Tin mining activity on Bangka and Belitung has had significant environmental impact. The Indonesian Forum for Environment (WALHI) reported in 2023 that 240,000 hectares of mangrove forests had been damaged by tin mining activities, along with over 5,000 hectares of coral reefs. A series of arrests in 2023 over illegal mining between 2015 and 2022 cited the cost associated with environmental damage at Rp 271 trillion (c. US$17 billion). Large numbers of pepper plantations, the province's other major export commodity, have been converted to illegal mines.

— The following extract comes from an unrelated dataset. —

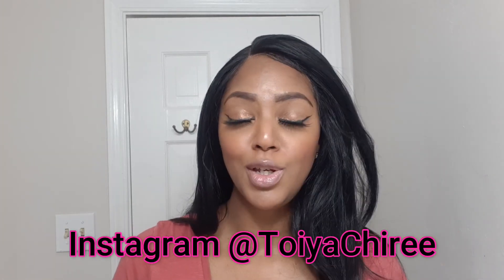Alright guys, that's it! Thank you for watching. If you have any questions, please leave them in the comments section below. Make sure you follow me on Instagram at Toya Cherie, and I will see you in my next video. Bye!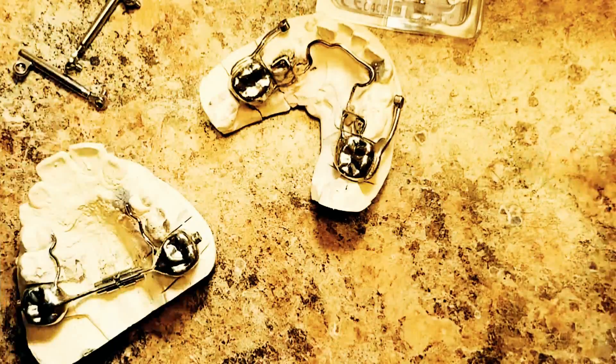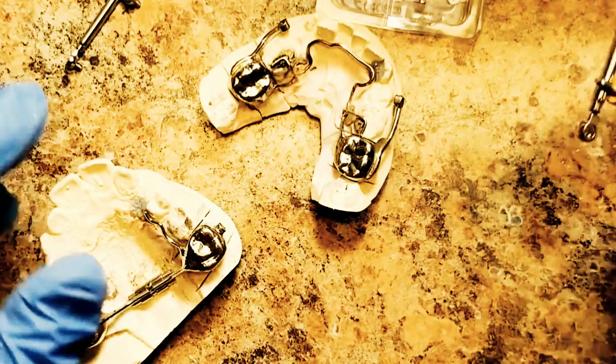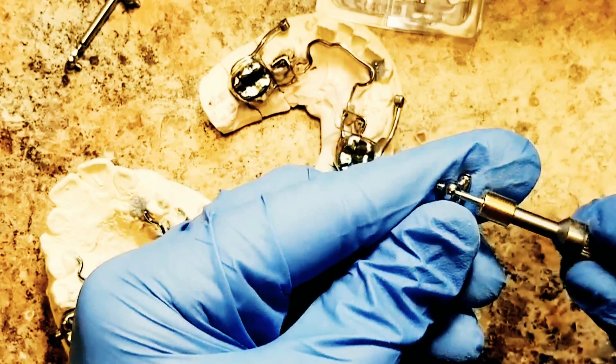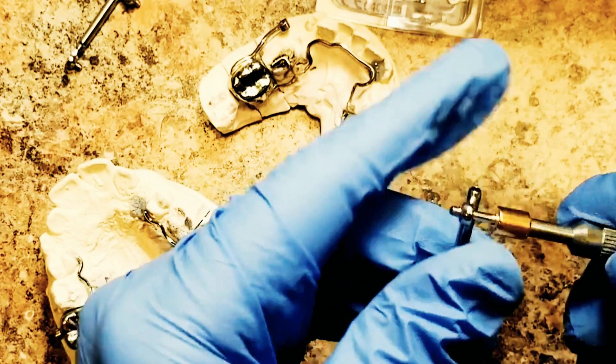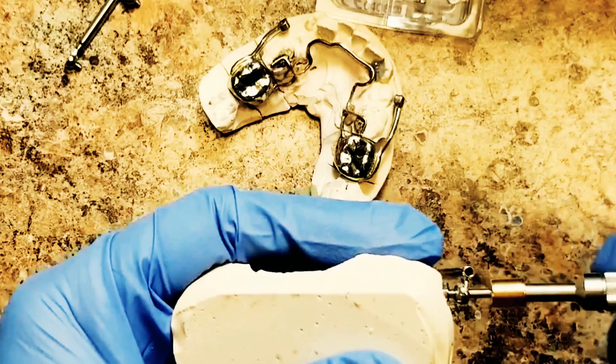So again, this time I'm going to assemble this Herbst — pretty straightforward.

WALHI also tallied over 12,000 unreclaimed open tin mining pits, known locally as kolong, in the province. The pits took up an area of over 15,000 hectares. The kolong are prone to erosion around their rims, and contain blue or green-colored water with high heavy metal content. Due to the unusual shade of the water, along with the white sands surrounding the kolong, some have become tourist attractions, with one in Koba receiving around 100,000 visitors in 2019.

===Safety===
Artisanal tin mining remains dangerous; 81 miners were reported killed in working accidents in Indonesia between 2019 and 2023; industry observers estimate that hundreds have died since the spread of small-scale mining. In the same period, 13 children drowned in the kolong water. The miner deaths have been attributed to the lack of safety knowledge among the small-scale miners, who had not been involved in mining activities during the colonial and corporate mining periods. The International Labour Organization estimated in 2015 that there were 6,300 child laborers in tin mining activities in Bangka Belitung.

The kolong have also become colonised by saltwater crocodiles which had been displaced from mangrove forests, resulting in an increase in crocodile attacks on humans.